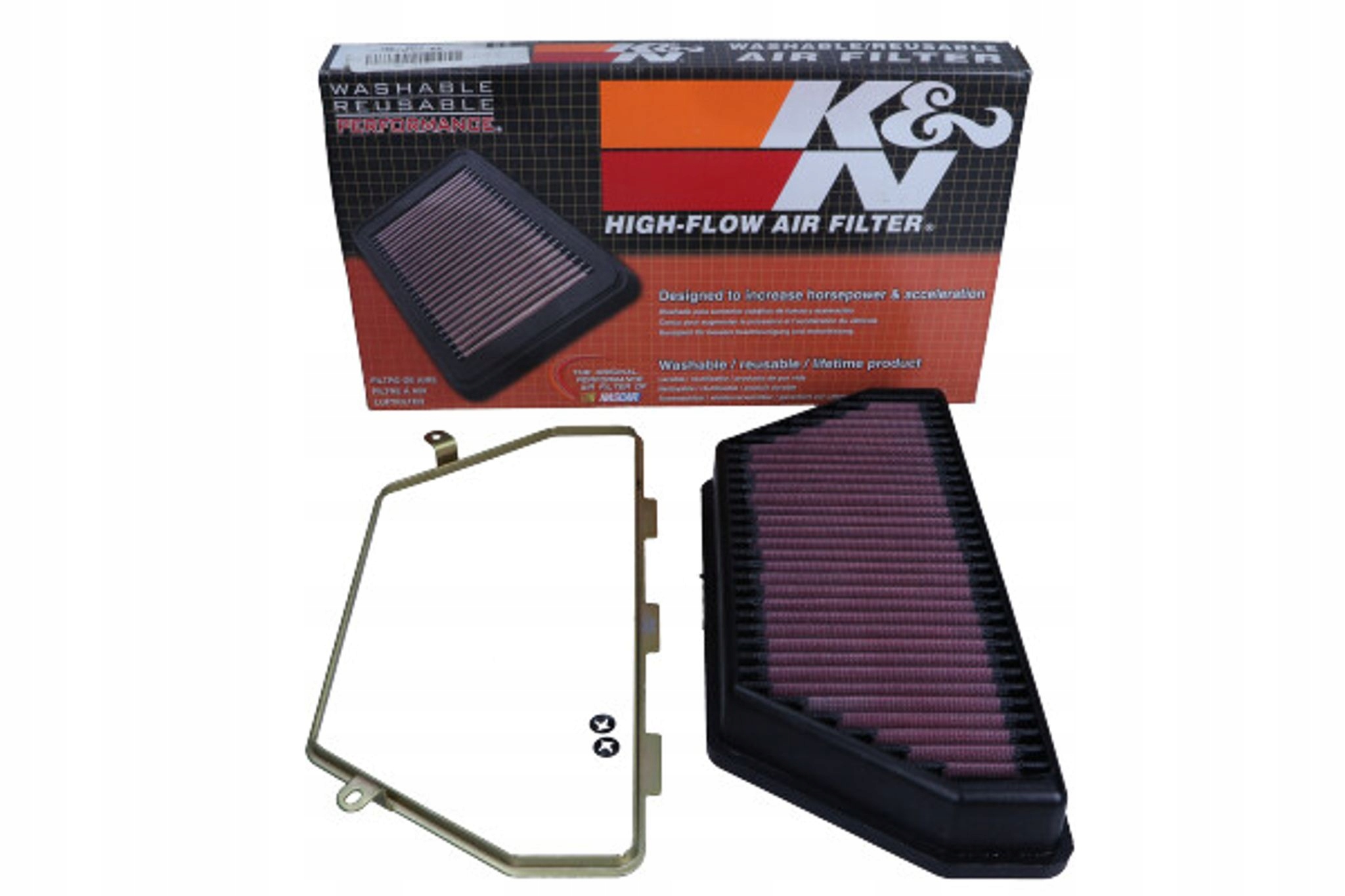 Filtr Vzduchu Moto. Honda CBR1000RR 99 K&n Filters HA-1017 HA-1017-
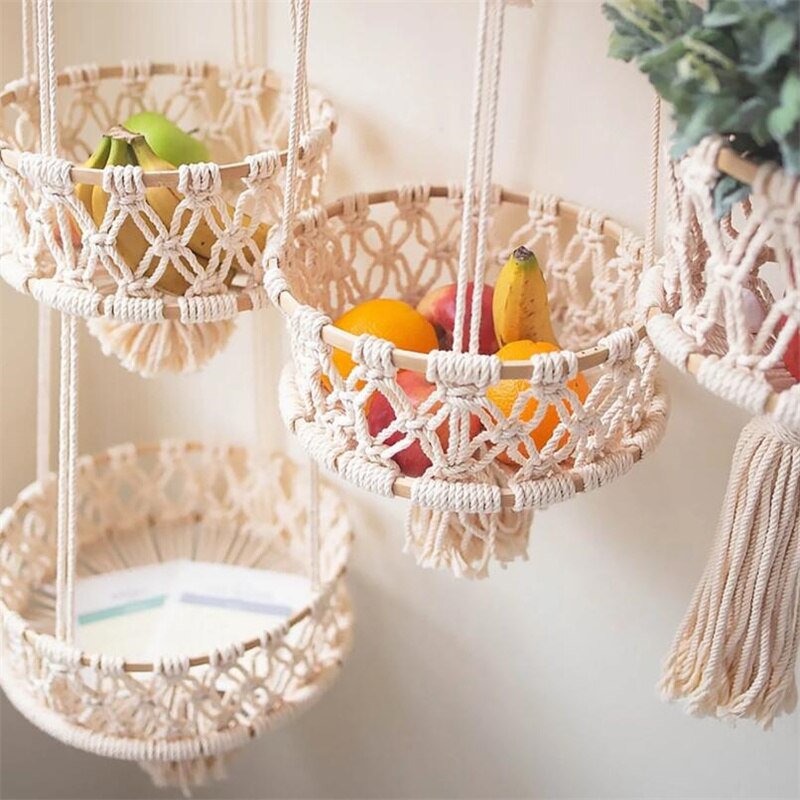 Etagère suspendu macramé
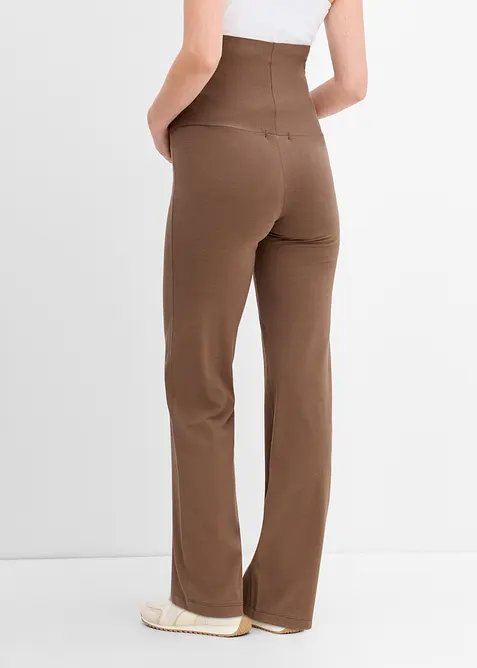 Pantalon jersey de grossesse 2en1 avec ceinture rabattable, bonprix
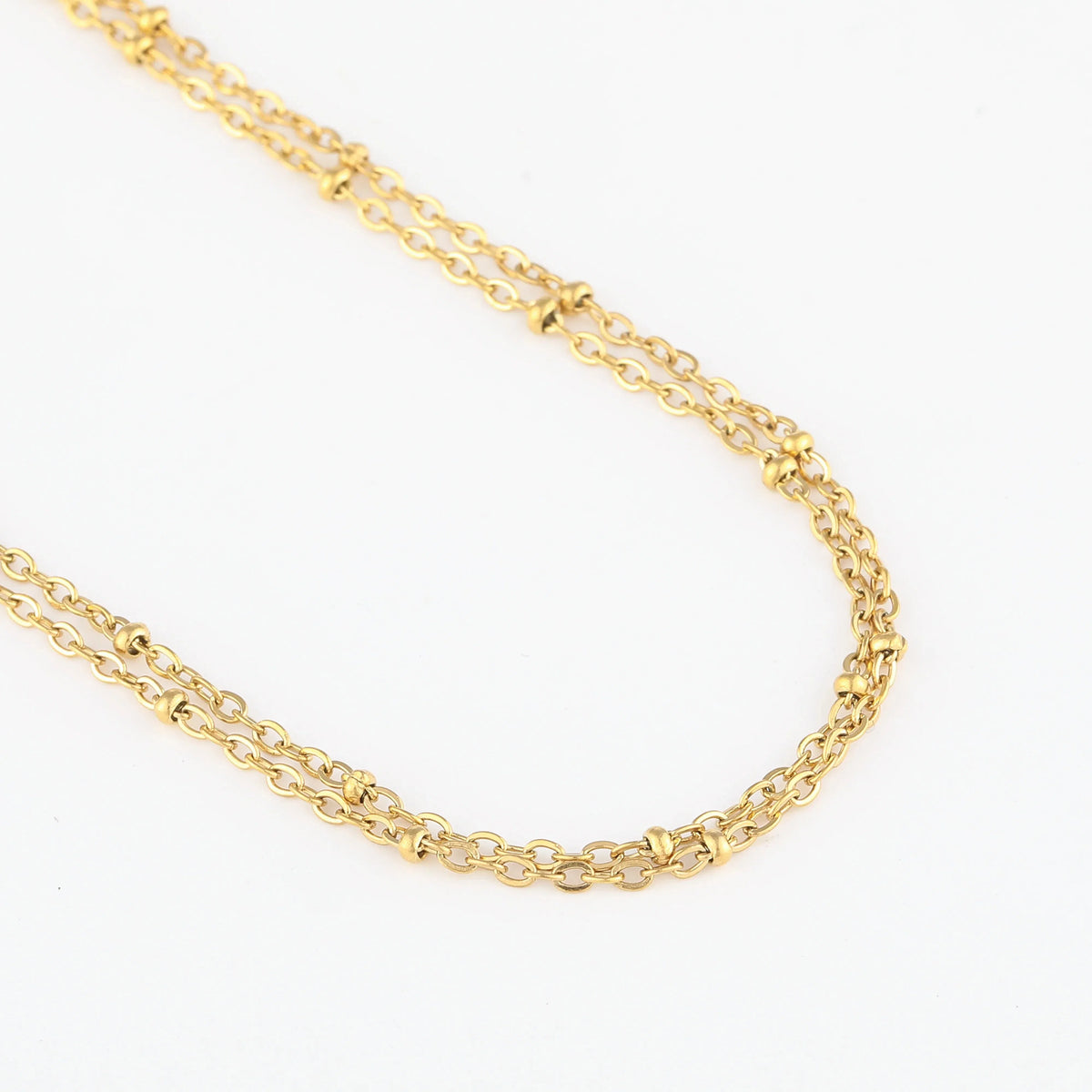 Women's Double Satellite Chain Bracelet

# [WHAT TO DO]
After locating the line that holds "Pantalon jersey de", output exactly the lines from it through the last line of the material above, inclusive, without pictures.

# [TASK OUTPUT]
 Pantalon jersey de grossesse 2en1 avec ceinture rabattable, bonprix
 Women's Double Satellite Chain Bracelet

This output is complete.